The five best books to read by the pool this summer
Australian literature is having a real moment, so here’s our pick of the best Australian novels to soak up with the sun this summer.
The Narrow Road to the Deep North, Richard Flanagan
It took Tasmanian author Richard Flanagan 12 years to write this Booker Prize-winning novel, and it’s easy to see why.
Based on his father’s real-life experience, it’s a beautifully written, haunting read about a Japanese Prisoner of War camp on the Thai-Burma death railway during the Second World War.
It focuses on Dorrigo Evans, an Australian surgeon haunted by a love affair with his uncle's young wife two years earlier, struggling to save the men under his command from starvation, cholera, and brutal beatings.
At times the novel is harrowing, graphic and disturbing, but is ultimately a story of love in the midst of a cruel war.
The Light Between Oceans, M. L Stedman
Read this novel. We could just leave it there, to be honest, it’s that good.

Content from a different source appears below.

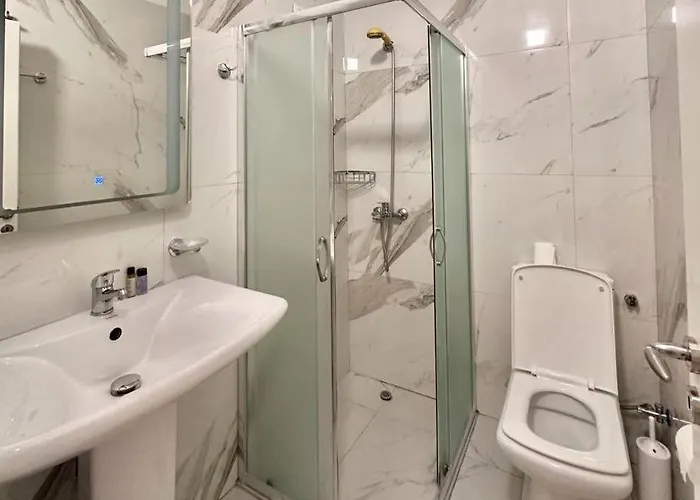 Aparthotel Mihali Himare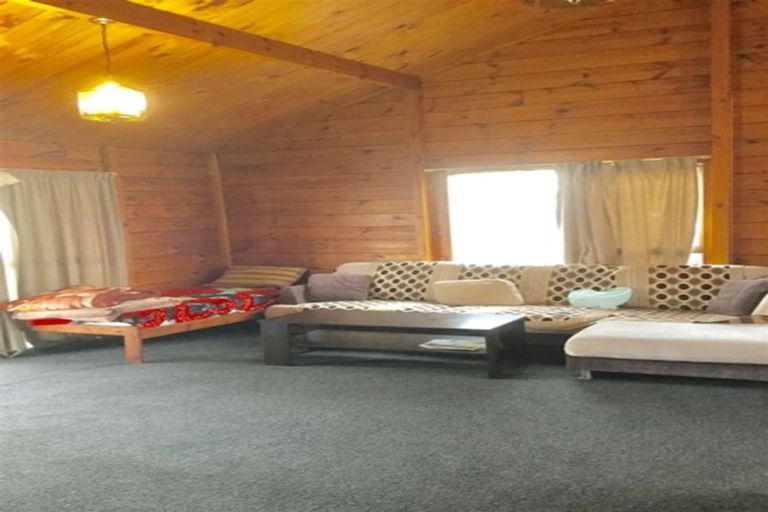 Photo of property in 2/4201 Great North Road, Glen Eden, Auckland, 0602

Hollywood movie rights were recently snapped up so, because books are nearly always better than subsequent films, read it quickly! It has won three prestigious ABIA awards, including their 'Book of the Year', and also won the Indie Awards' 'Book of the Year'.
It’s 1926 and Tom Sherbourne is a young lighthouse keeper on a remote island off Western Australia. He and his young wife Isabel live a quiet life, cocooned from the rest of the world.
Fatefully soon after suffering devastating miscarriages, a boat washes ashore carrying a dead man and a crying infant.
Only years later do they discover the devastating consequences of the decision they made that day - as the baby's real story unfolds.
Get your tissues ready. This book will stay with you for life. Promise.
The Night Guest, Fiona McFarlane
Fiona McFarlane’s debut novel has been shortlisted for the Stella prize and the Miles Franklin Award.
One morning Ruth, an elderly widow, wakes thinking a tiger has been in her house in a small coastal town. Later that day a carer, Frida, arrives to look after her. Both Frida and the tiger are here to stay, and neither is what they seem.
The Night Guest is a mesmerising novel about love, dependence, and the fear that the things you know best can become the things you're least certain about.
Eyrie, Tim Winton
Tim Winton’s 25th book follows Tom Keely, whose reputation is in ruins, whose marriage is over and career finished. Holed up in a grim high rise, cultivating his newfound isolation, he reluctantly meets a woman from his past and a boy who will change his life.
Eyrie is heart-warming and human, and reassures the reader that no matter how low you can feel, life will renew itself and take new paths, whether you want it to or not.
The Swan Book, Alexis Wright
This is like nothing you’ve ever read before.
Set in the future, around the time of Australia’s third centenary, we see Aboriginals still living under the Intervention in the north, in a country fundamentally altered by climate change.
The book centres around the life of a mute young woman called Oblivia, the victim of gang-rape by petrol-sniffing youths. We follow her from the displaced community where she lives to her marriage to Warren Finch, the first Aboriginal president of Australia, and her elevation First Lady.
Alexis Wright’s previous novel, Carpentaria, was a prize-winning best-seller and The Swan Book has been short-listed for the Miles Franklin Award.